AMP rose 1c to $9.20, even though the UK sharemarket's life insurance index
soared 7 per cent on Monday night, led by Friends Provident and Aviva.
The sector was buoyed by a move by the UK industry regulator to ease the
pressure on life insurers to meet strict regulatory solvency levels and sell
shares into falling equity markets.
Insurers who were not meeting regulatory standards could discuss with the
Financial Services Authority (FSA) ways to improve solvency, including the
closure of some life funds to new business, raising shareholder capital and
selling businesses.
Given AMP had been undertaking these measures since June last year because
its Pearl ``with-profits" fund was not meeting these standards, the FSA's
announcement implies that it had forced AMP to undertake many of these measures,
one analyst said.
UBS Warburg's Frank Costigan said AMP's capital position in its UK life
subsidiaries remained finely balanced, despite the injection of #1.5 billion
($2.8 billion) in capital in the past year.
Warburg has lowered its valuation on AMP from $10.70 to $10, but cited key
risks as continued weak sharemarkets, falling sales and pressure on margins.
Another analyst even raised the possibility that AMP might need to raise new
capital via a raising, though this was played down by sources close to the
company.
Merrill Lynch said the FSA's new position lessened the risk of a capital
raising but ``if the FTSE does not recover in the medium term, we believe a
capital raising could be a possibility at some stage".
``AMP's fortunes remain tied to the FTSE almost like a margin loan," Merrill
said. ``If the FTSE recovers strongly, capital will be released. If the FTSE
continues to decline a deficit will form."

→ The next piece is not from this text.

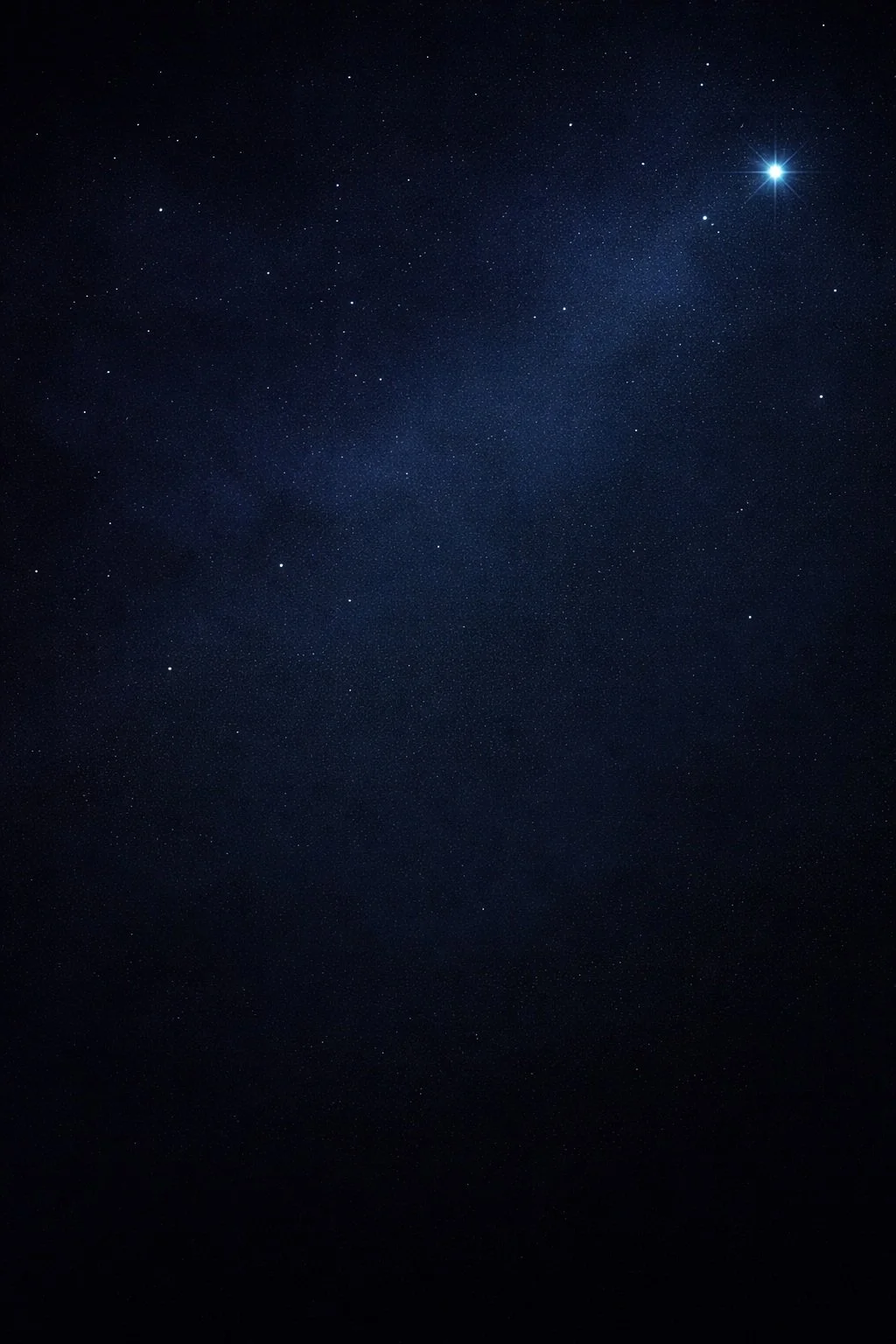 Ciel étoilé avec de nombreuses étoiles brillantes, dont une étoile très brillante dans le coin supérieur droit.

Merrill said the FTSE looked ``relatively inexpensive", trading on a
price/earnings ratio of 11 times compared to 14 times historically and a 4.2 per
cent dividend yield. ``However, the dividend yield of 4 per cent plus on a
prospective basis might be at risk as many of the large financials could be
forced to cut [dividend] payouts, including Lloyds TSB, Aviva, Prudential and
Abbey National, to restore balance sheets which have been decimated by weak
equity markets."
AMP expects to report an annual loss of $900 million later this month.